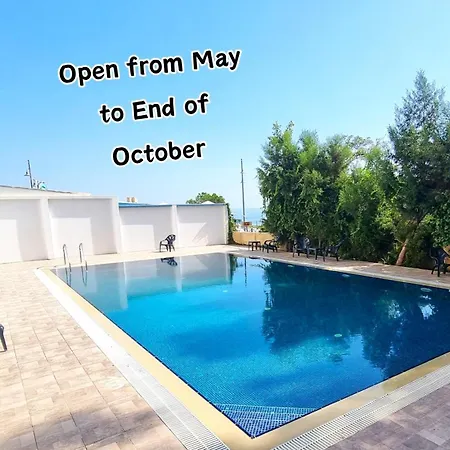 Stylish W/ Sea View + Pool + 200mbit 公寓 拉纳卡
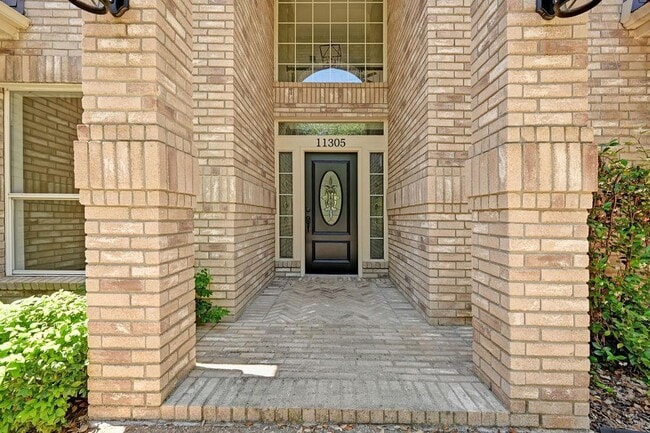 Building Photo - 11305 Nutwood Cove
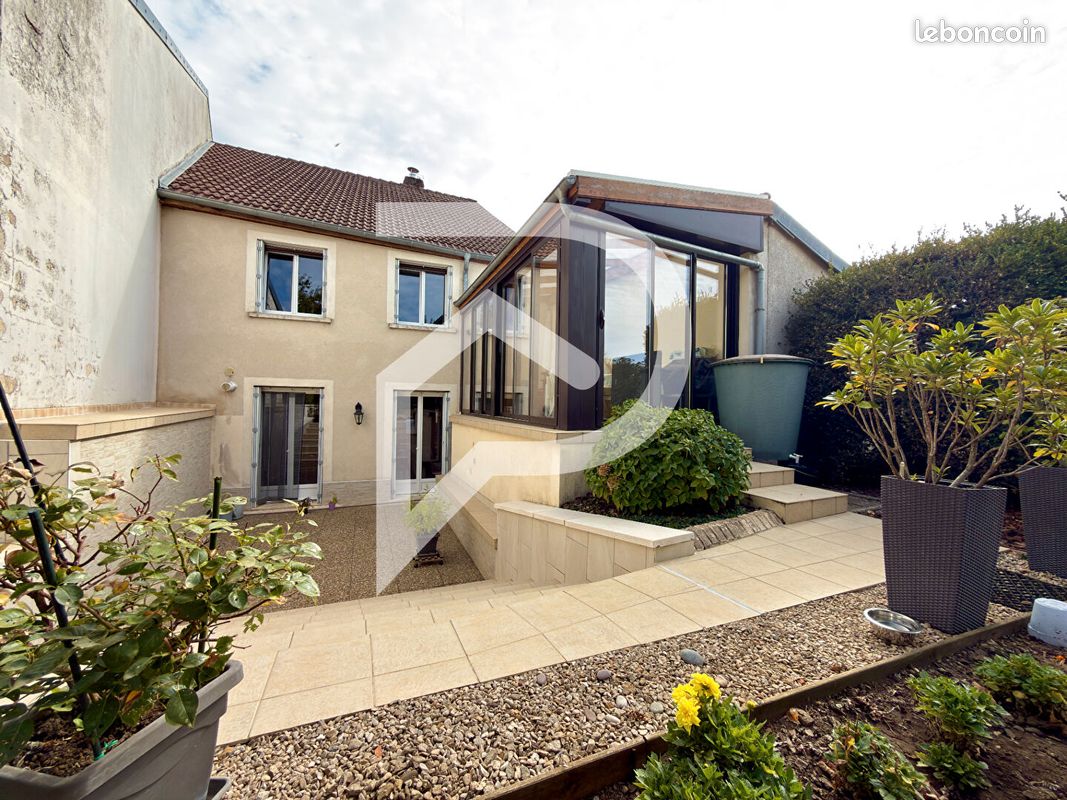 Maison 5 pièces 153 m² · à Champigny-lès-Langres · 153 m² · 186 000 €
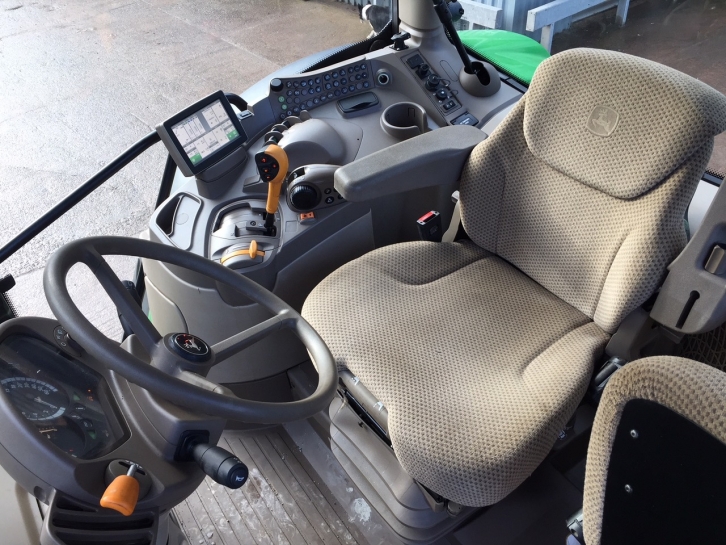 John Deere 6195R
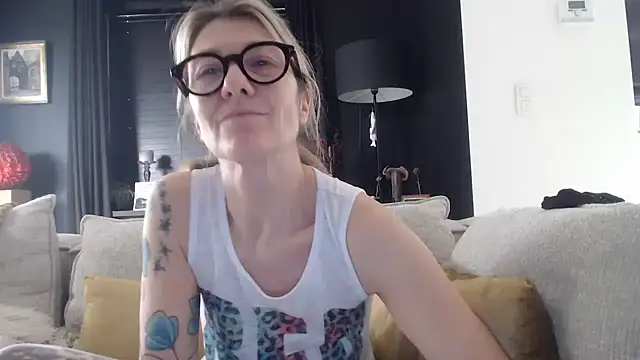 godinflower online show from March 6, 12:45 pm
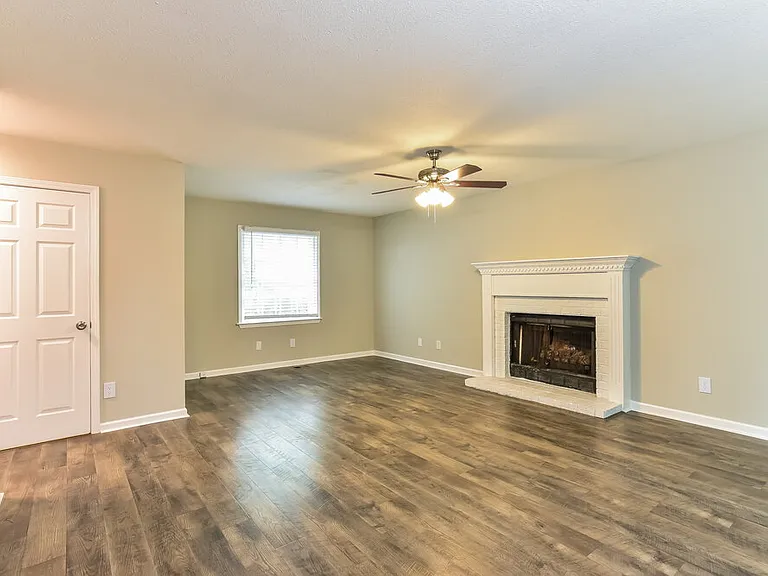 1135 SE Broad St — Photo 5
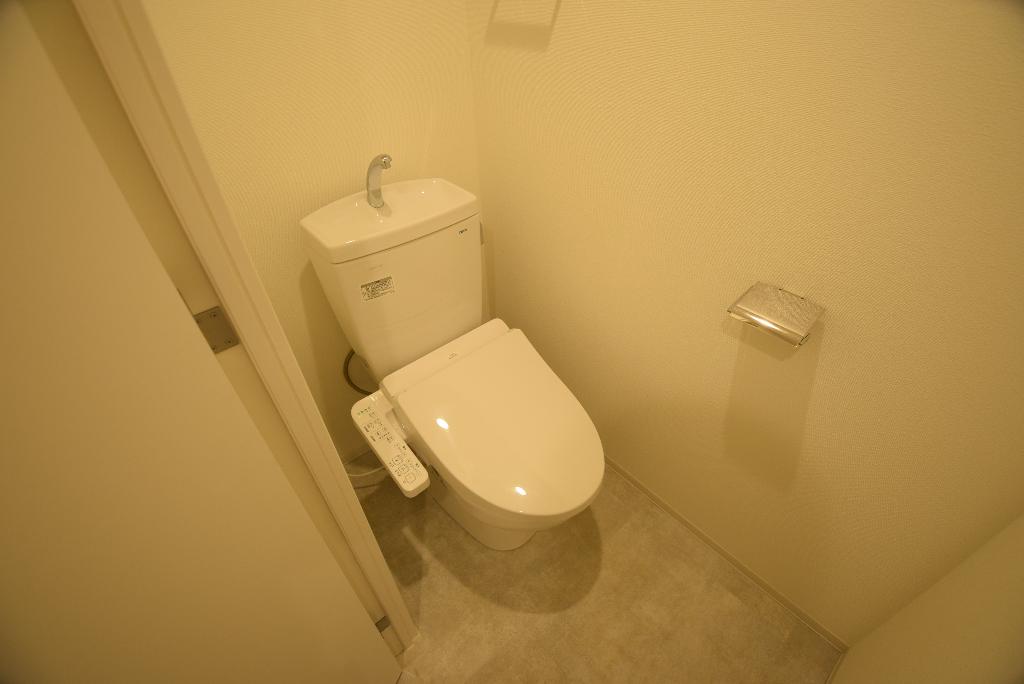 トイレ　シャワー付トイレ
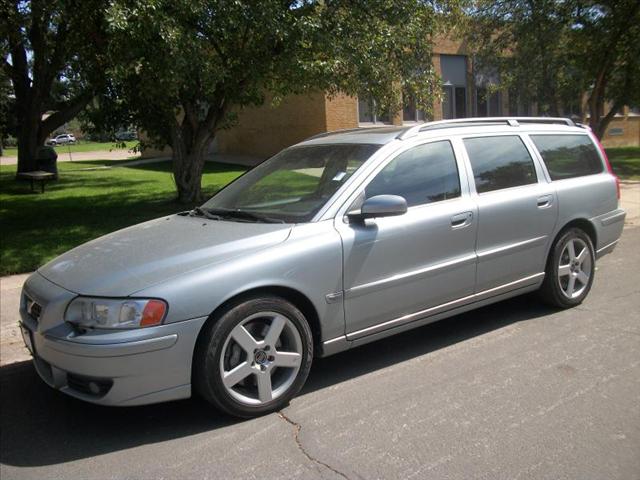 Volvo V70 2006 photo 1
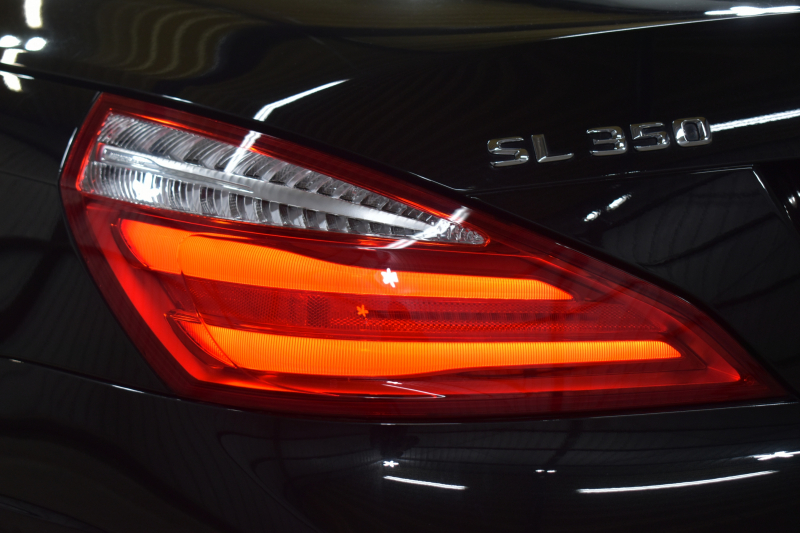 メルセデスベンツ SLクラス SL350 ﾚｰﾀﾞｰｾｰﾌﾃｨP 3.5ﾘｯﾀｰV6 306馬力 ﾏｼﾞｯｸｽｶｲﾙｰﾌ ｴｱｽｶｰﾌ ﾋｰﾀｰ/ﾍﾞﾝﾁﾚｰﾀｰ黒革 ﾃﾞｨｽﾄﾛ BSM Lｷｰﾌﾟ AMGｴｱﾛ19AW ｷｰﾚｽGO PTS ﾌｯﾄﾄﾗﾝｸ 地ﾃﾞｼﾞﾅﾋﾞBｶﾒﾗ 2年保証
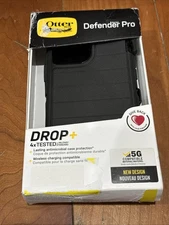 OtterBox Defender Series Pro Case With Holster for iPhone 14 Pro (6.1")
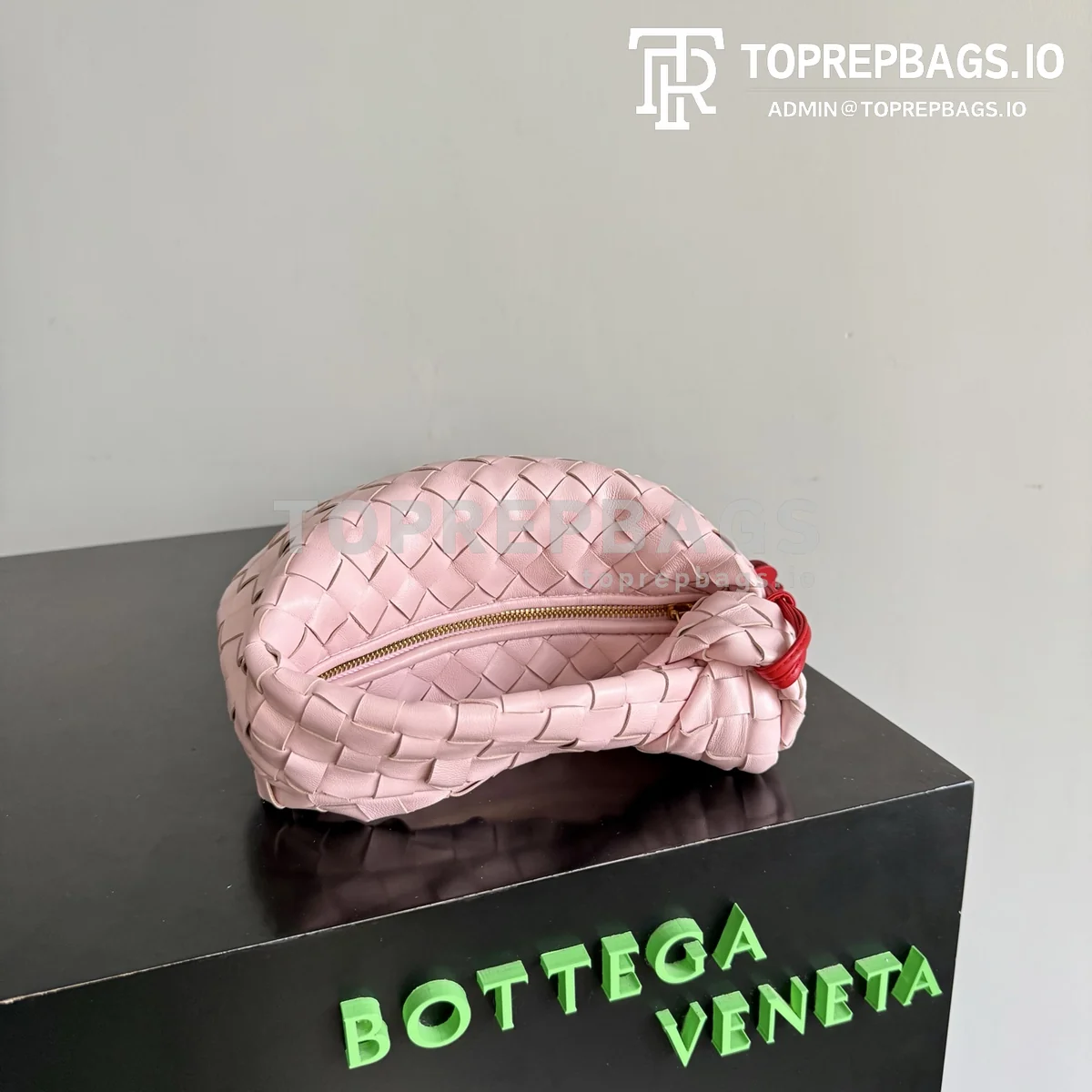 i1778497288715_136_0_4 Bottega Veneta Mini Jodie in Pink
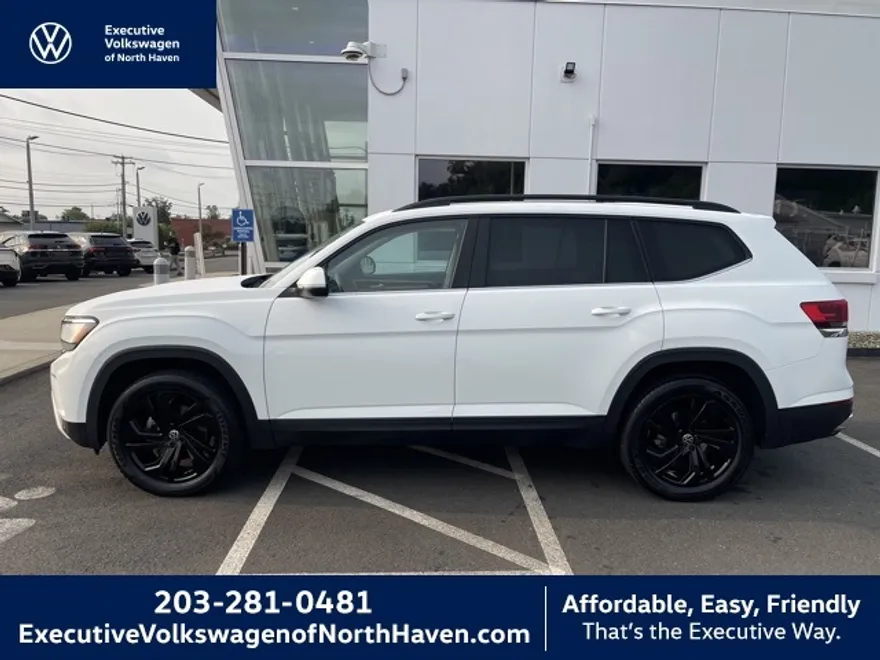 2022 Volkswagen Atlas SE Technology photo 1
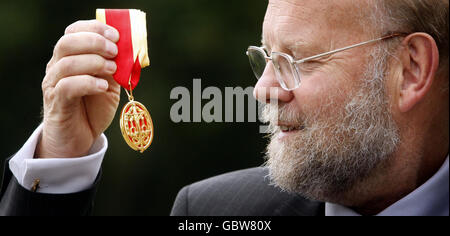 Sir Ian Wilmut avec sa chevalier après qu'il lui a été présenté par la reine Elizabeth II au Palais de Holyrood House, Édimbourg, Écosse. Banque D'Images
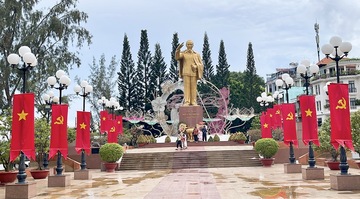 Cần Thơ: Rực rỡ cờ hoa mừng sinh nhật Bác trên nhiều tuyến phố 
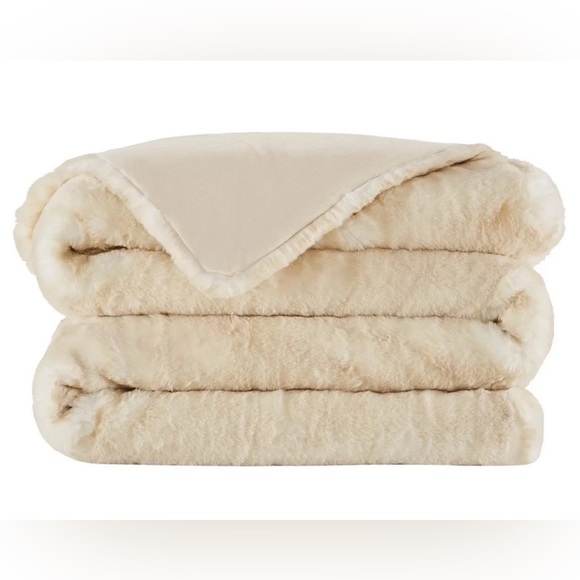FRYE Luxe Faux Fur Throw Blanket 60" x 70" Cream Silky Soft Feel Polyester New - Picture 4 of 8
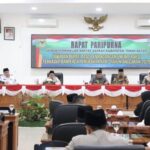 bupati-eka-putra-sampaikan-jawaban-dalam-rapat-paripurna-dprd-tanah-datar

-------

_ACTIVITY_. What you return should be only the exact lines from the top of the entries through the line with "2022 Volkswagen Atlas SE Technology photo 1", minus the pictures.

_EXERCISE RESPONSE_.
 Stylish W/ Sea View + Pool + 200mbit 公寓 拉纳卡
 Building Photo - 11305 Nutwood Cove
 Maison 5 pièces 153 m² · à Champigny-lès-Langres · 153 m² · 186 000 €
 John Deere 6195R
 godinflower online show from March 6, 12:45 pm
 1135 SE Broad St — Photo 5
 トイレ　シャワー付トイレ
 Volvo V70 2006 photo 1
 メルセデスベンツ SLクラス SL350 ﾚｰﾀﾞｰｾｰﾌﾃｨP 3.5ﾘｯﾀｰV6 306馬力 ﾏｼﾞｯｸｽｶｲﾙｰﾌ ｴｱｽｶｰﾌ ﾋｰﾀｰ/ﾍﾞﾝﾁﾚｰﾀｰ黒革 ﾃﾞｨｽﾄﾛ BSM Lｷｰﾌﾟ AMGｴｱﾛ19AW ｷｰﾚｽGO PTS ﾌｯﾄﾄﾗﾝｸ 地ﾃﾞｼﾞﾅﾋﾞBｶﾒﾗ 2年保証
 OtterBox Defender Series Pro Case With Holster for iPhone 14 Pro (6.1")
 i1778497288715_136_0_4 Bottega Veneta Mini Jodie in Pink
 2022 Volkswagen Atlas SE Technology photo 1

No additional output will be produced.